Background technology
The technique for preparing densification NdFeB material high has two kinds, and one kind is powder metallurgical technique, prepares sintered NdFeB magnetic
Body(It is anisotropy magnet), another kind is hot pressing/thermal deformation technique, prepares hot pressing/thermal deformation neodymium iron boron magnetic body(Including it is each to
The same sex and anisotropy magnet).
In recent years, the sintered NdFeB industry fast development for being prepared using powder metallurgical technique, annual production breaks through 100,000 tons,
With conventional rare earth material praseodymium neodymium(Or neodymium), dysprosium iron(Or dysprosium), the consumption such as terbium increase, cause its price Continued, promote
The cost of sintered Nd-Fe-B permanent magnetic material is improved.The price of current praseodymium neodymium is 30~400,000 yuan/ton, and the price of dysprosium iron is 1,300,000
Yuan/ton or so, the price of terbium is 340~3,700,000 yuan/ton.And the price of the more rich cerium of reserves is 3~40,000 yuan/ton, holmium iron
Price be 26~280,000 yuan/ton.As can be seen here, the price of cerium is only 1/10th of praseodymium neodymium, and holmium is relative to dysprosium, terbium also just
It is suitable a lot.Therefore, praseodymium neodymium, holmium/holmium iron part are substituted using cerium part and substitutes dysprosium iron/dysprosium, sintering neodymium iron can be substantially reduced
The cost of B permanent magnetic material.
For reduces cost, people start gradually to pay attention to hot pressing/thermal deformation technique, and annual production starts to break through 0.15 ten thousand tons.
Anisotropic neodymium iron boron magnetic body is prepared using the technique, selection is content of rare earth relatively low fast quenching neodymium iron boron strip or magnetic,
The crystal preferred orientation induced by slowly and significantly hot compression deformation, because hot pressing temperature is low, can not form similar powder
Structure and coercivity mechanism as last metallurgical technology, and sufficiently high coercive must be formed in alloying pellet in advance
Power.And powder metallurgical technique is then the presence of liquid-phase sintering in sintering process, the metallographic of homogeneous liquid phase is formed around principal phase
Structure, to improve coercivity.
The content of the invention
The technical problems to be solved by the invention are to provide one kind and can reduce production cost, the neodymium iron of improve production efficiency
Boron material and preparation method thereof.

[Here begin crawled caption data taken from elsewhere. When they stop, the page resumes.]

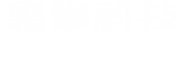厦门电脑维修网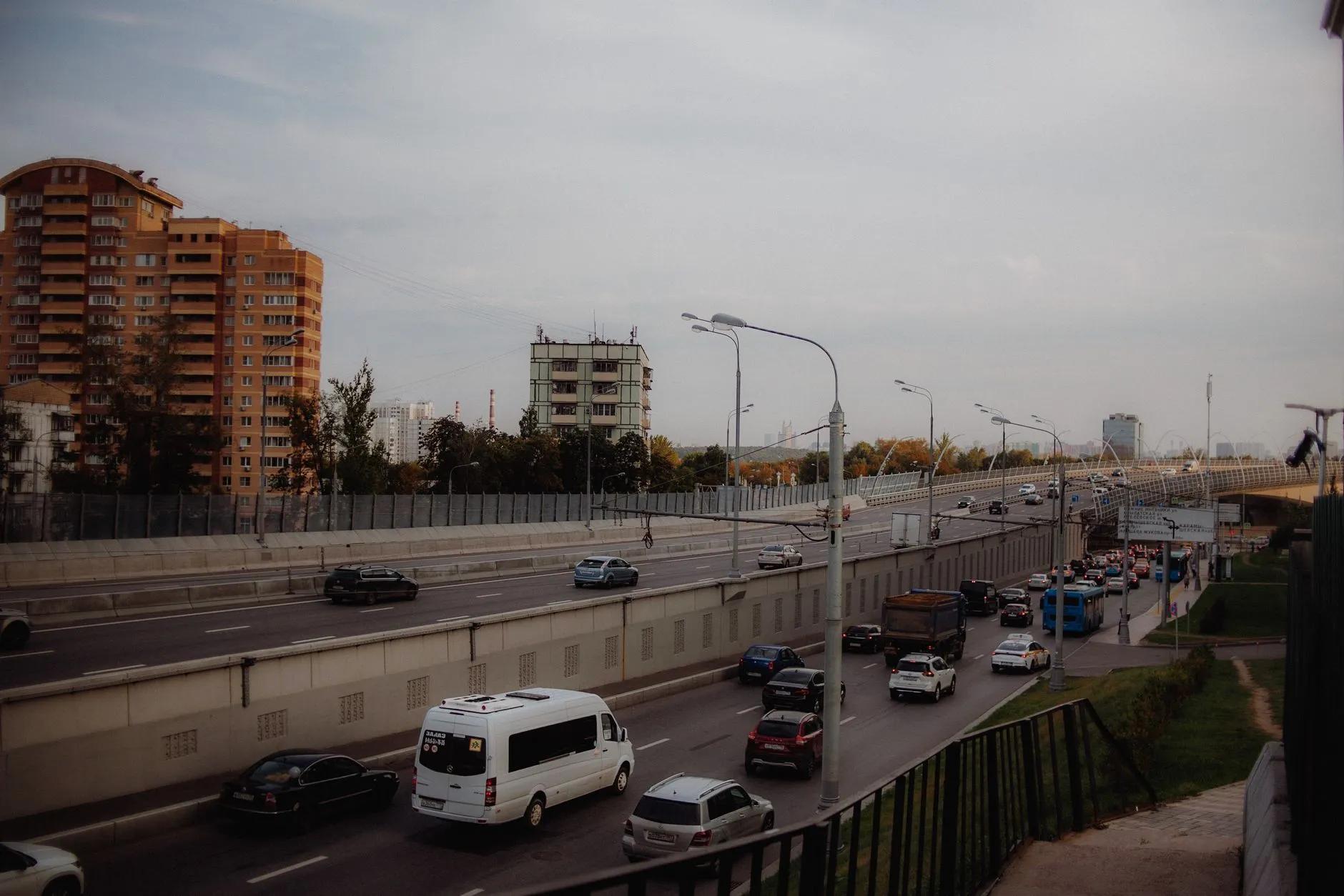 Khmelnitskiy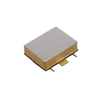 RF Amplifiers - AMS-162-PIN - Quarktwin Technology Ltd.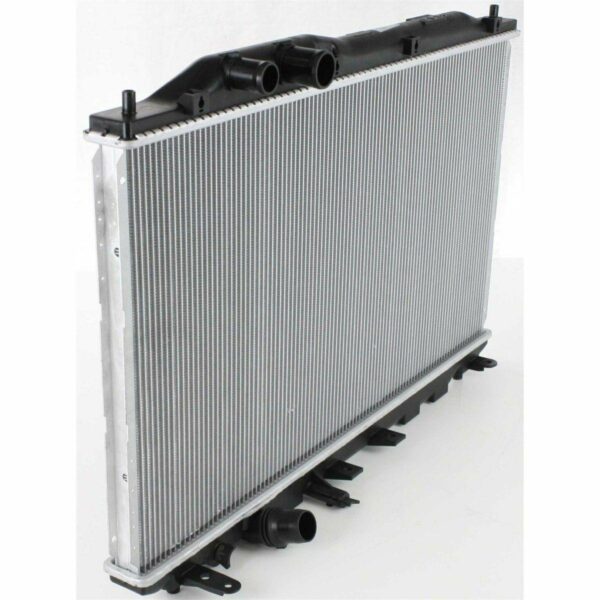 Radiator Honda Civic Coupe 2006-2011 , HO3010208 - Image 3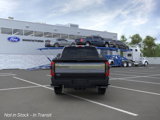 New 2025 Ford F250 Platinum image 5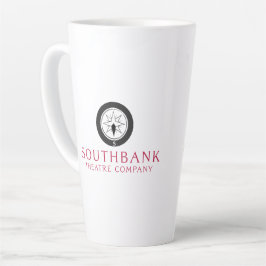 Latte Mugg Southbank Theater Company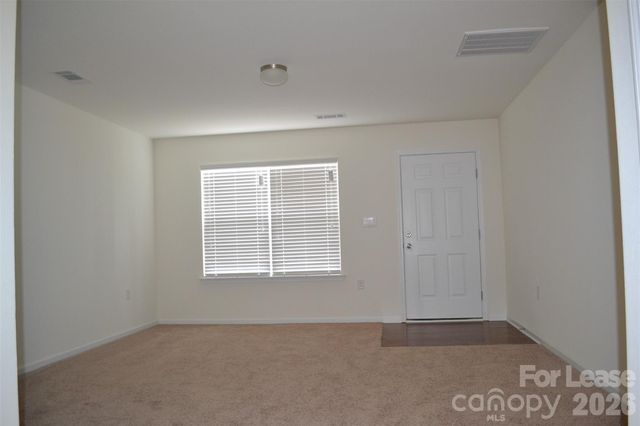 4511 Trunk Bay Drive, Monroe, NC 28110
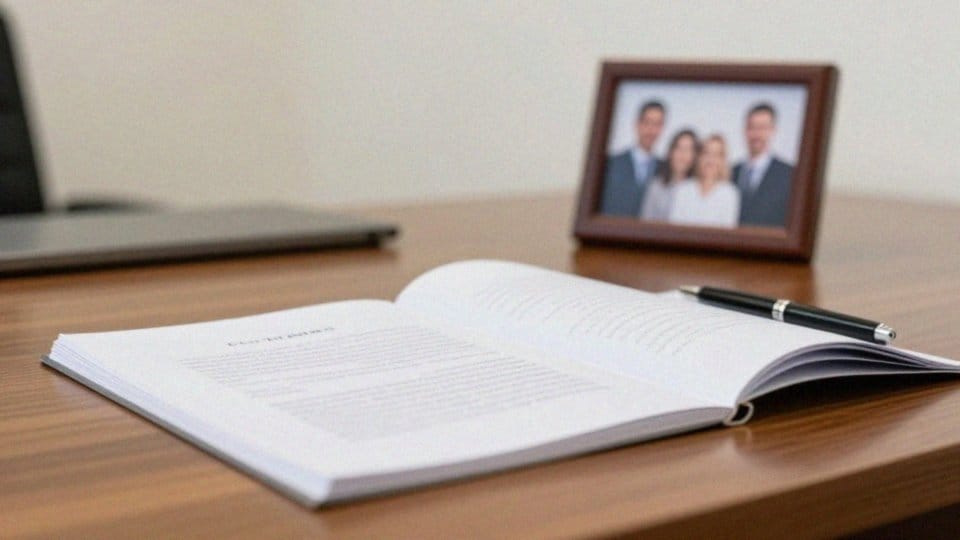 Jakie cele i warunki zastrzec w darowiznie dla syna?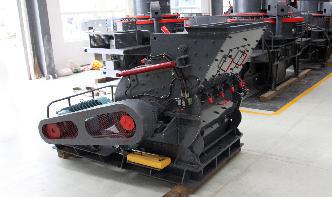 China Crusher manufacturer, Magnetic Separator, Mining ...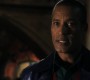 912Smallville1102.jpg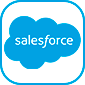 salesforce logo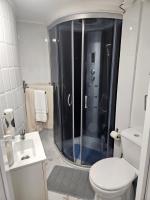 Vakantiehuis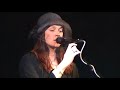 Sto zvířat (live Rataje) - Večírek pod psa + Slečna s kosou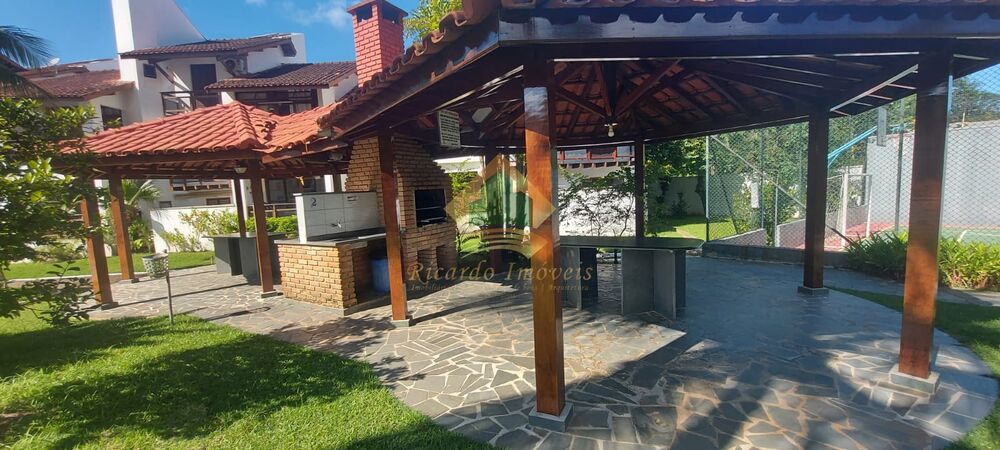 Apartamento, 2 quartos, 79 m² - Foto 4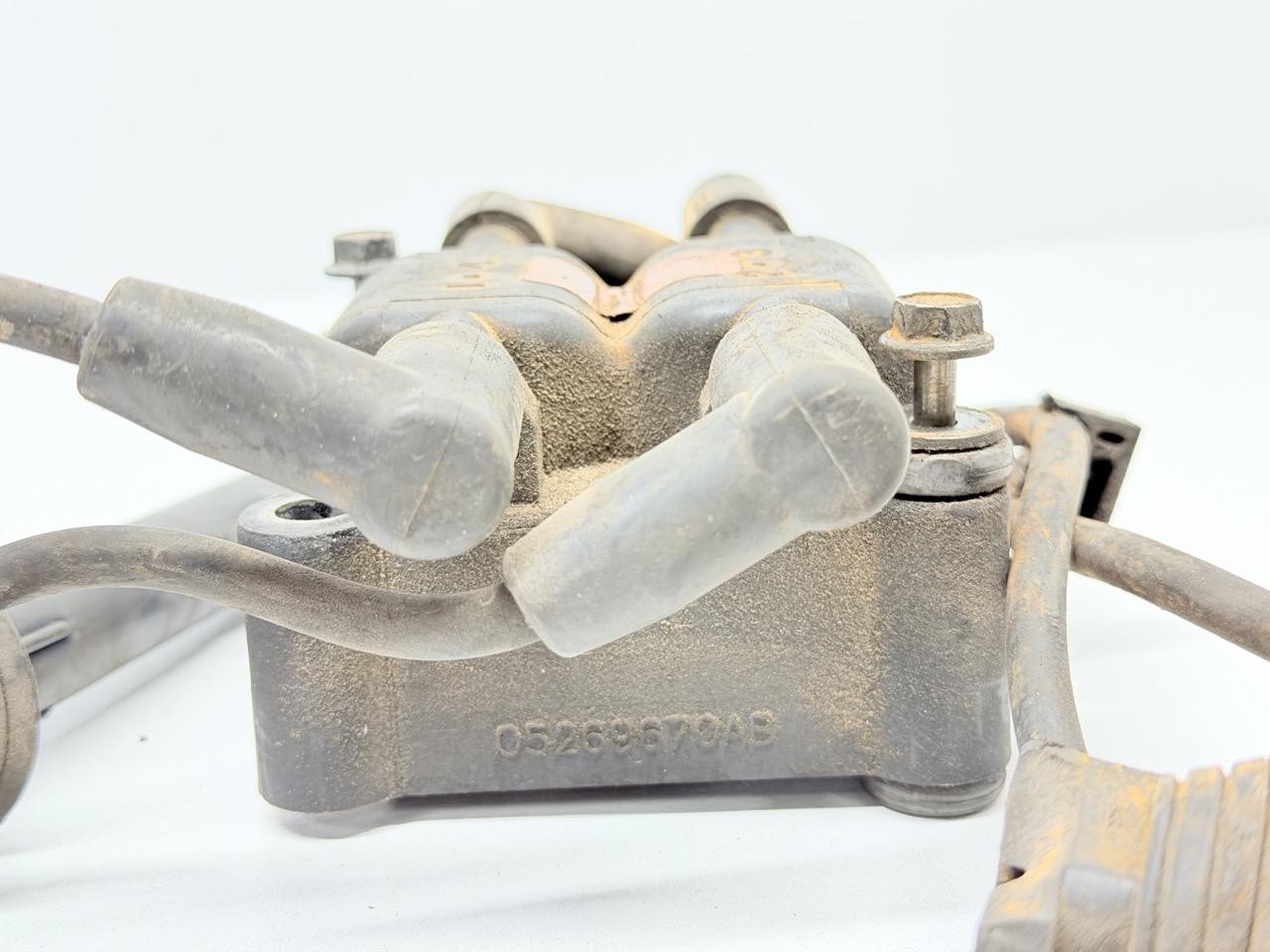 Miniatura 3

The technical solution adopted for the present invention to solve the technical problems is:
The NdFeB material of the present invention, is made up of two kinds of alloys of A phases and B phases, and A phase alloys composition is RxFe1-x-y-zByMz, wherein,
R is one or more in La, Ce, Pr, Nd, Dy, Ho, Tb, and M is one or more in Al, Cu, Co, Nb, Ga, Zr, x=
0.1~0.32, y=0.008~0.01, z=0.001~0.1;B phase alloys are RaFe1-a-bMb, wherein R be La, Ce, Pr, Nd,
One or more in Dy, Ho, Tb, M is one or more in Al, Cu, Co, Nb, Ga, Zr, a=0.2~0.8, b=0.001
~0.1;A alloys are 100 with the mass ratio of B alloys:0.5~10(Preferred proportion 100:1~5).
The preparation method of the NdFeB material of the present invention, comprises the following steps:
1)Melting:By RxFe1-x-y-zByMzAnd RaFe1-a-bMbAfter setting ratio dispensing, it is melted respectively using vacuum induction melting
Aluminium alloy is smelt, is then poured on atwirl copper roller, obtain sheet A alloys and B alloys;
2)Batch mixing and broken:By A alloys and B alloys in mass ratio 100:0.5~10 ratio mixing, and hybrid alloys are crushed
Into powder C;
3)Hot pressing:Powder C is loaded in mould, 500 DEG C~750 DEG C are heated to, plus-pressure compacting, pressure be 10MPa~
100MPa, keeps 1min~10min, obtains hot-pressed magnets;
4)Thermal deformation:Hot-pressed magnets are placed in and are heated in 500 DEG C~850 DEG C of mould, plus-pressure compacting, pressure is 20MPa
~200MPa, keeps 1min~10min, obtains heat distortion magnet.
Further, step 1)In, the copper roller rotary speed of A alloys is 20m/s~35m/s, the copper roller rotary speed of B alloys
It is 2m/s~5m/s.
Further, step 2)In, hybrid alloys are broken into by powder C using Mechanical Method.
Further, step 2)In, the average grain diameter of powder C is 0.1mm~2mm.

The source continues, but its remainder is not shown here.